- Opening Delimiter -

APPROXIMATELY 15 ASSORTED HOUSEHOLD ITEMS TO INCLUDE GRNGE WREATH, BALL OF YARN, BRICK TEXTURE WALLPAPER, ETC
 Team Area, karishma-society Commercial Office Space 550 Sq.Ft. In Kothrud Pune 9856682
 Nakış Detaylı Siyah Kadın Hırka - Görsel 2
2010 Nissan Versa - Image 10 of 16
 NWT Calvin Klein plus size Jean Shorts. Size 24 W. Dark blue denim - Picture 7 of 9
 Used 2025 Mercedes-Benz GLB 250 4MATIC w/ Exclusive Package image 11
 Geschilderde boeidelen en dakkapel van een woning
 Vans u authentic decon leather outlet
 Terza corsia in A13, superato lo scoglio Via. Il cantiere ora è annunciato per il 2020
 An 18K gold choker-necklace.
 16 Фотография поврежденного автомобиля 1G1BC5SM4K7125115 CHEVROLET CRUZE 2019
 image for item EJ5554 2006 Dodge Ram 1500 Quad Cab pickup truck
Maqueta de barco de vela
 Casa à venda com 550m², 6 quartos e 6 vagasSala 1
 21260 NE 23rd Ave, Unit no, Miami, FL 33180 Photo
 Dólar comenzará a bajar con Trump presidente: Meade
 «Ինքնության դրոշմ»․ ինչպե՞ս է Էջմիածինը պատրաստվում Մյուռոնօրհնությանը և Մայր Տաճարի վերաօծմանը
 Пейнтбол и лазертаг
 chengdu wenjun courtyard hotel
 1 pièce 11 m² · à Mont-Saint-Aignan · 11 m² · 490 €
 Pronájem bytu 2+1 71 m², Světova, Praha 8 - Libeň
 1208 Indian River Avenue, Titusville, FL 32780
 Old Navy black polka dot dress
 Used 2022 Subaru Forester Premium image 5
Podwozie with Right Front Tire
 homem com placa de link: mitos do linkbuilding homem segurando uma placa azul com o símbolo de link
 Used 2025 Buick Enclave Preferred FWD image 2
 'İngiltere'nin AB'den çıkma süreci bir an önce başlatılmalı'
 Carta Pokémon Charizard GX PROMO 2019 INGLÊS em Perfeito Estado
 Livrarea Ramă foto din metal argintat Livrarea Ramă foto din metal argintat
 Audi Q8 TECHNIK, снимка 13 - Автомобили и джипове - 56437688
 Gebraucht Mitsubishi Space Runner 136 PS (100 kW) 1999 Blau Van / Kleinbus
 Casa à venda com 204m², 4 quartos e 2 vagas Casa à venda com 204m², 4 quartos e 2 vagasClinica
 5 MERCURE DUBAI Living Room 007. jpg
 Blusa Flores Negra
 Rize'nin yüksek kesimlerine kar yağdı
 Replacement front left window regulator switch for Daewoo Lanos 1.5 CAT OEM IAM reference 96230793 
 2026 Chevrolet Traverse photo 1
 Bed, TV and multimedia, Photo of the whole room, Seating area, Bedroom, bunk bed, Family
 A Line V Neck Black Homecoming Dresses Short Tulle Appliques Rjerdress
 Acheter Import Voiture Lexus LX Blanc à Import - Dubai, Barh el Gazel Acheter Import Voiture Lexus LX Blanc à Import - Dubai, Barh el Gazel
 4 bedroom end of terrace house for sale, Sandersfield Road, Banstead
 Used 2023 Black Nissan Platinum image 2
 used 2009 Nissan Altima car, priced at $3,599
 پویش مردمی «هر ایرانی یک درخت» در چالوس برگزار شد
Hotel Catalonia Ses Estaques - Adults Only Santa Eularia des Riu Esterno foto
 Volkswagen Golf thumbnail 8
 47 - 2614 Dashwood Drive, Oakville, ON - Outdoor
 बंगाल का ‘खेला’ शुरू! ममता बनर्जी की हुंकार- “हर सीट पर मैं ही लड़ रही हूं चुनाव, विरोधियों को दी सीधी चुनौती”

- Closing Delimiter -

* [Task instructions]: Your task is to reproduce each entry exactly.

* [Exercise result]:
APPROXIMATELY 15 ASSORTED HOUSEHOLD ITEMS TO INCLUDE GRNGE WREATH, BALL OF YARN, BRICK TEXTURE WALLPAPER, ETC
 Team Area, karishma-society Commercial Office Space 550 Sq.Ft. In Kothrud Pune 9856682
 Nakış Detaylı Siyah Kadın Hırka - Görsel 2
2010 Nissan Versa - Image 10 of 16
 NWT Calvin Klein plus size Jean Shorts. Size 24 W. Dark blue denim - Picture 7 of 9
 Used 2025 Mercedes-Benz GLB 250 4MATIC w/ Exclusive Package image 11
 Geschilderde boeidelen en dakkapel van een woning
 Vans u authentic decon leather outlet
 Terza corsia in A13, superato lo scoglio Via. Il cantiere ora è annunciato per il 2020
 An 18K gold choker-necklace.
 16 Фотография поврежденного автомобиля 1G1BC5SM4K7125115 CHEVROLET CRUZE 2019
 image for item EJ5554 2006 Dodge Ram 1500 Quad Cab pickup truck
Maqueta de barco de vela
 Casa à venda com 550m², 6 quartos e 6 vagasSala 1
 21260 NE 23rd Ave, Unit no, Miami, FL 33180 Photo
 Dólar comenzará a bajar con Trump presidente: Meade
 «Ինքնության դրոշմ»․ ինչպե՞ս է Էջմիածինը պատրաստվում Մյուռոնօրհնությանը և Մայր Տաճարի վերաօծմանը
 Пейнтбол и лазертаг
 chengdu wenjun courtyard hotel
 1 pièce 11 m² · à Mont-Saint-Aignan · 11 m² · 490 €
 Pronájem bytu 2+1 71 m², Světova, Praha 8 - Libeň
 1208 Indian River Avenue, Titusville, FL 32780
 Old Navy black polka dot dress
 Used 2022 Subaru Forester Premium image 5
Podwozie with Right Front Tire
 homem com placa de link: mitos do linkbuilding homem segurando uma placa azul com o símbolo de link
 Used 2025 Buick Enclave Preferred FWD image 2
 'İngiltere'nin AB'den çıkma süreci bir an önce başlatılmalı'
 Carta Pokémon Charizard GX PROMO 2019 INGLÊS em Perfeito Estado
 Livrarea Ramă foto din metal argintat Livrarea Ramă foto din metal argintat
 Audi Q8 TECHNIK, снимка 13 - Автомобили и джипове - 56437688
 Gebraucht Mitsubishi Space Runner 136 PS (100 kW) 1999 Blau Van / Kleinbus
 Casa à venda com 204m², 4 quartos e 2 vagas Casa à venda com 204m², 4 quartos e 2 vagasClinica
 5 MERCURE DUBAI Living Room 007. jpg
 Blusa Flores Negra
 Rize'nin yüksek kesimlerine kar yağdı
 Replacement front left window regulator switch for Daewoo Lanos 1.5 CAT OEM IAM reference 96230793 
 2026 Chevrolet Traverse photo 1
 Bed, TV and multimedia, Photo of the whole room, Seating area, Bedroom, bunk bed, Family
 A Line V Neck Black Homecoming Dresses Short Tulle Appliques Rjerdress
 Acheter Import Voiture Lexus LX Blanc à Import - Dubai, Barh el Gazel Acheter Import Voiture Lexus LX Blanc à Import - Dubai, Barh el Gazel
 4 bedroom end of terrace house for sale, Sandersfield Road, Banstead
 Used 2023 Black Nissan Platinum image 2
 used 2009 Nissan Altima car, priced at $3,599
 پویش مردمی «هر ایرانی یک درخت» در چالوس برگزار شد
Hotel Catalonia Ses Estaques - Adults Only Santa Eularia des Riu Esterno foto
 Volkswagen Golf thumbnail 8
 47 - 2614 Dashwood Drive, Oakville, ON - Outdoor
 बंगाल का ‘खेला’ शुरू! ममता बनर्जी की हुंकार- “हर सीट पर मैं ही लड़ रही हूं चुनाव, विरोधियों को दी सीधी चुनौती”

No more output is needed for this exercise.